RECORDS FOR PROCESSING:

^^^^

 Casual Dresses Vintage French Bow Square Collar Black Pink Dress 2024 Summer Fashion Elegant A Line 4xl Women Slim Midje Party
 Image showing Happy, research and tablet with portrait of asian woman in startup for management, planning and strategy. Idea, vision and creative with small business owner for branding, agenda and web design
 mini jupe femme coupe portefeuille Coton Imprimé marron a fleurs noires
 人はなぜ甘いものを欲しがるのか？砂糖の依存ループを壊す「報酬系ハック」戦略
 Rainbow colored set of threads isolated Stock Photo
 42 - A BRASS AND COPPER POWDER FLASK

^^^^

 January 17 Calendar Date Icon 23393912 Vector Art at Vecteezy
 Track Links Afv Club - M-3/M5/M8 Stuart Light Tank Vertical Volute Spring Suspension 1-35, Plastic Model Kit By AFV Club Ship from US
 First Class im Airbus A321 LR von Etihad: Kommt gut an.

^^^^

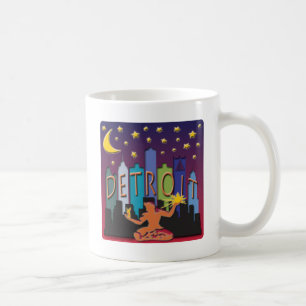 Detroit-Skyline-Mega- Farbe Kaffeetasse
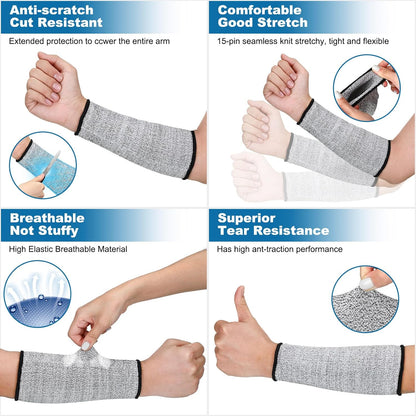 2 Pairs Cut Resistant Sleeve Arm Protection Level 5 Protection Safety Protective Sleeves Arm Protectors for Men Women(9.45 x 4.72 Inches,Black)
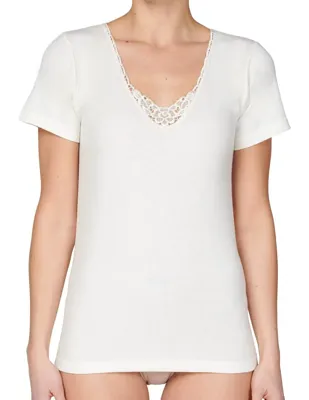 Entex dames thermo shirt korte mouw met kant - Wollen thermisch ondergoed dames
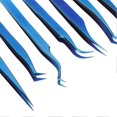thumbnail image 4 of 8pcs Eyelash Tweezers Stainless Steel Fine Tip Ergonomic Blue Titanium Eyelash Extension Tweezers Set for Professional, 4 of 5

^^^^

TASK OBJECTIVE:
Retype word for word everything in the listing above from the line that holds "人はなぜ甘いものを欲しがるのか？砂糖の依存ループを壊す「報酬系ハック」戦略" down to the line that holds "42 - A BRASS AND COPPER POWDER FLASK". Keep both end lines and leave out the rest.

ANSWER TO THIS EXERCISE:
 人はなぜ甘いものを欲しがるのか？砂糖の依存ループを壊す「報酬系ハック」戦略
 Rainbow colored set of threads isolated Stock Photo
 42 - A BRASS AND COPPER POWDER FLASK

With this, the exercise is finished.